AMG 193 had a promising safety profile and robust target engagement in a dose-escalating trial across tumor types.
A first-in-human study of AMG 193, a type of PRMT5 inhibitor, showed that the agent has a promising safety profile and robust target engagement in a dose-escalating trial (NCT05094336) across tumor types, according to findings presented at the AACR-NCI-EORTC International Conference on Molecular Targets and Cancer Therapeutics.1 Results suggest that the agent induces synthetic lethality by targeting PRMT5 in tumors exhibiting MTAP deletion.
Forty-eight patients were enrolled in the trial and 7 doses, from 40 mg to 1600 mg, were evaluated. To be included, patients had to undergo next- generation sequencing and be identified as having tumors with MTAP or CDKN2A deletion, have measurable disease, and have an ECOG performance status of 1 or 0. Thirty-six patients had dose-limiting toxicities, 11 continued treatment and 37 discontinued. Reasons for discontinuing included progression (n = 27), patients request and adverse events (n = 4), death (n = 1), and eligibility deviation (n = 1).
The median age of patients in the trial was 62.0 years (range, 36-83), the majority were male (54.2%), and the median number of prior lines of therapy was 3.0 (range, 1-8), with 16 patients undergoing 4 or more prior lines of therapy.
Ten patients had pancreatic adenocarcinoma, 7 patients had non–small cell lung cancer, 5 had cholangiocarcinoma, 3 had mesothelioma, and 23 had other types of tumors.
Regarding safety (n = 48), 5 patients had dose-limiting toxicities and 44 patients had treatment-emergent adverse events (TEAEs) 15 of which were grade 3 or greater and 10 of which were characterized as serious. Thirty-nine patients (81.3%) experienced treatment-related AEs; 8 of them were grade 3 or greater, and 4 were characterized as serious.
Ten patients experienced dose interruptions and 10 had dose reductions but only 3 had dose discontinuations.
“The first generation of these therapies was not as selective, so we hit toxicities very early on,” lead author Jordi Rodon, MD, PhD, associate professor in the Department of Investigational Cancer Therapeutics in the Division of Cancer Medicine, at The University of Texas MD Anderson Cancer Center, Houston, said during an interview with Targeted Therapies in Oncology. “[AMG 193 represents] a new generation of therapies, it’s a different class of agents.”

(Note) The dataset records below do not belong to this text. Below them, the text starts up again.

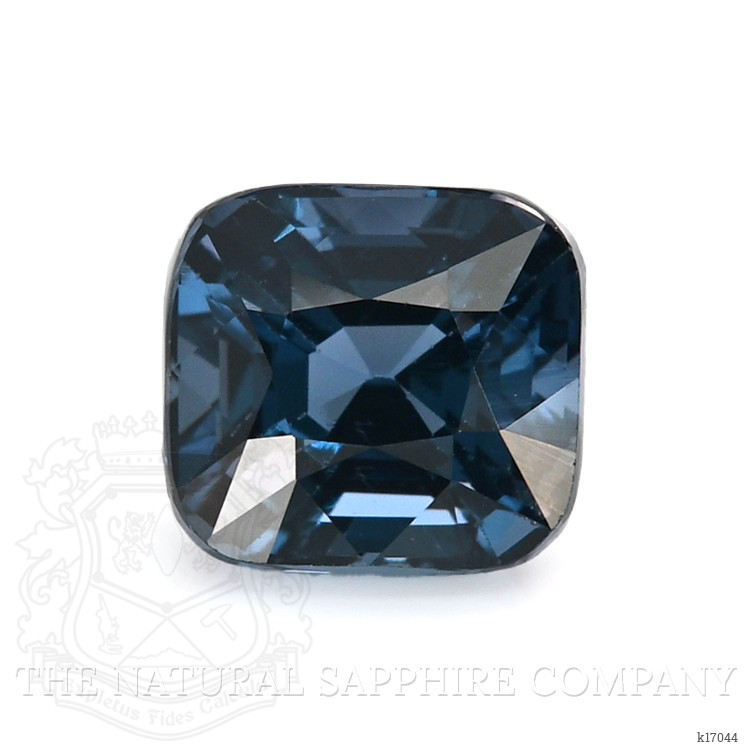 2.01 Ct. Spinel from Madagascar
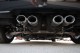 2006  XLR-V  in , 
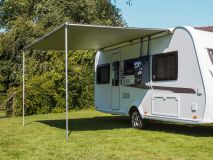 Thule Omnistor braccio sinistro 1200 260 thumbnail
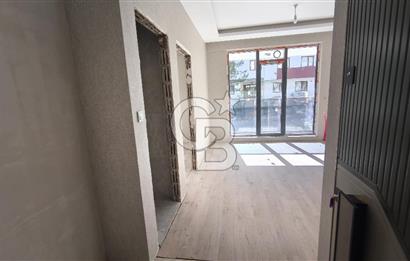 ÇANKAYA İNCESU 'DA KİRALIK 2+1 DAİRE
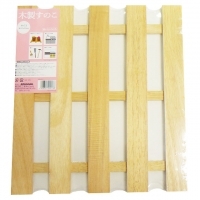 4906327900138_20171120214356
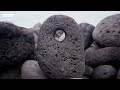 Were the Azores home to an ancient civilisation – BBC REEL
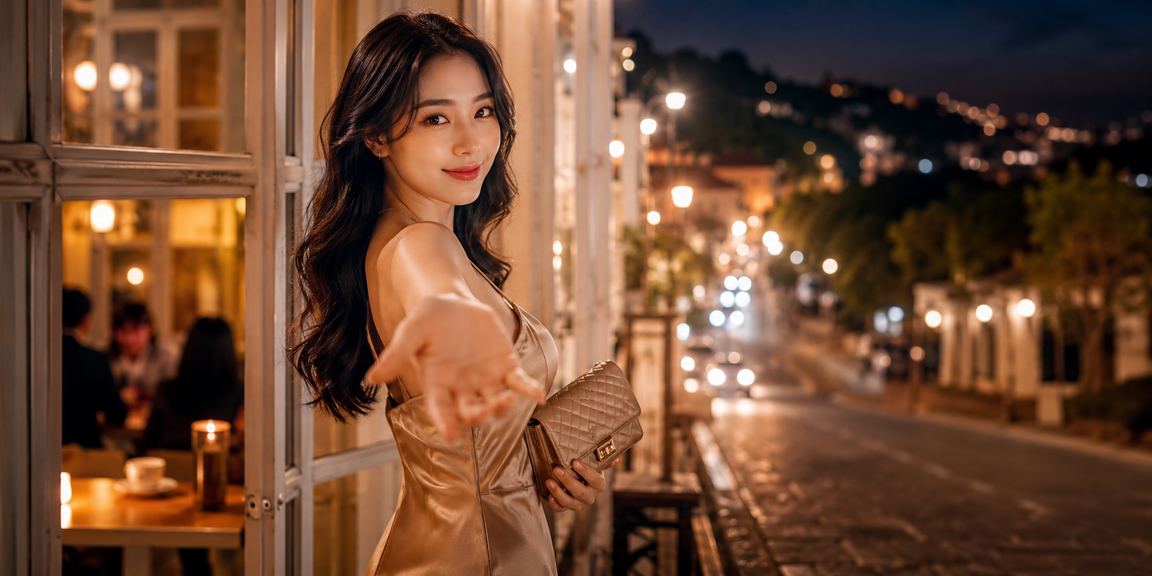 33ww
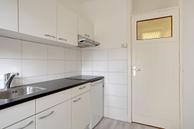 Foto van Akkermanstraat 19A, Rotterdam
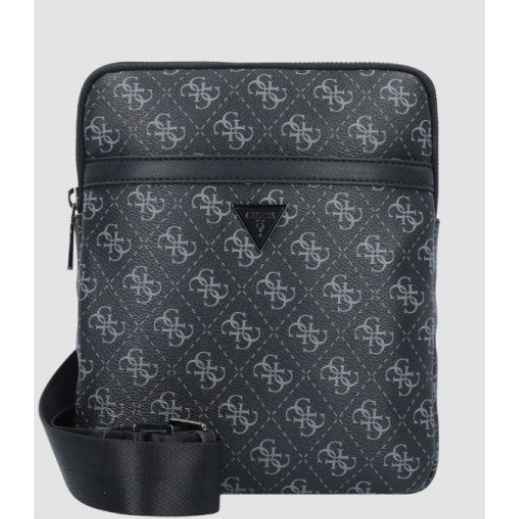 BOLSO GUESS HMEVZLP2223 BLA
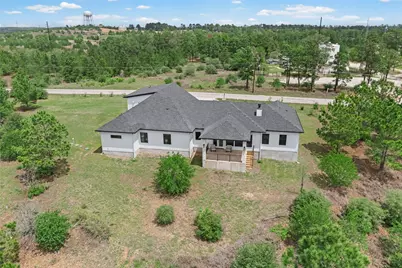 111 Tall Forest Drive, Bastrop, TX 78602 - Photo 28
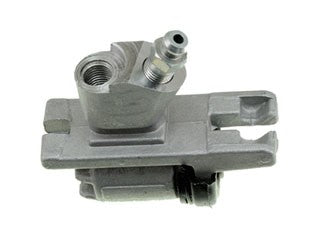 Drum Brake Wheel Cylinder Dorman-First Stop W37390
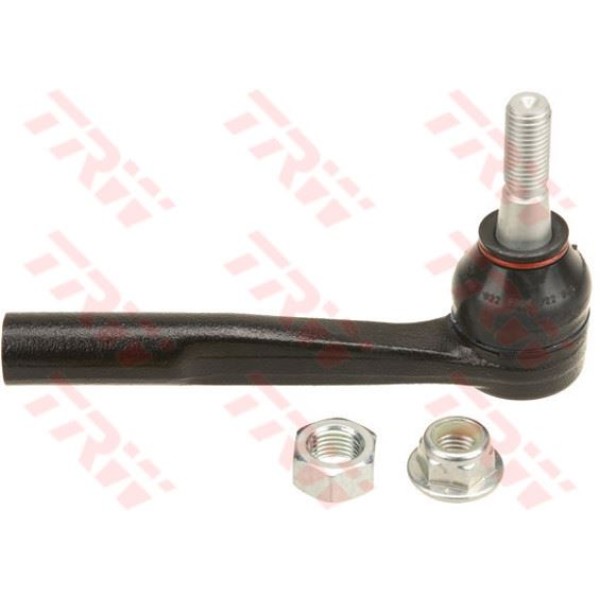 TRW JTE1010 Rot Başı Sağ Vectra C 02- / 9-3 9-5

Rodon explained the concept of synthetic lethality in which a single genetic event is tolerable to cell survival, but perturbation of multiple genetic or protein products results in cell death. He compared the use of a PRMT5 inhibitor in MTAP loss tumors to a BRCA1/2 mutation in breast cancer in which a cell can overcome 1 genetic mutation (BRCA1/2 mutation). Additional alterations, such as inhibiting PARP with a drug such as olaparib (Lynparza) or talazoparib (Talzenna), can lead to cell death. In this case, MTAP loss is “tolerated” by the tumor cell, but the addition of PRMT5 inhibitors would kill it.
Additional safety findings included no clinically significant signs of myelosuppression, the 1600-mg dose was intolerable to patients because of grade 3 nausea and fatigue. The dosing amendments were attributed to gastrointestinal events from excessive pill burden.
The pharmacokinetic profile suggested once-daily dosing for a dose-proportional exposure up to 1200 mg with a half-life of 7 to 12 hours. Rodon said that higher exposure was associated with greater decrease in tumor size and that robust reductions in circulating tumor DNA were observed in higher-dose cohorts and patients with clinical response.
For community oncologists, Rodon said that the presence of MTAP deficiency is quite frequent (10% to 15%) and would be identifiable in many genetic assays moving forward. It is hypothesized that a deficiency leads to greater immunotherapy resistance. “Something to keep in mind when making treatment decisions,” Rodon said. Enrollment in clinical trials is an option for patients, Rodon added, as more clinical trials are focusing on this therapeutic strategy.
Looking ahead to future clinical research, Rodon said that more patients are needed across tumor types. “There are very different tumor types that exhibit MTAP deficiency— from pancreatic to cholangiocarcinoma to melanoma—and aggressiveness varies across tumor types,” Rodon said. “One thing that would be nice to defi ne is the response rate of AMG193 in each of these diseases.”
Once adequate research on AMG 193 monotherapy has been conducted, combination therapy should also be explored, Rodon said. “Because AMG193 is relatively well-tolerated, it could be combined with different treatments and modalities,” he noted.
Overall, AMG 193 demonstrated promising monotherapy activity across 5 MTAP-deficiency tumor types, which suggests that MTAP loss could be an actionable molecular alteration.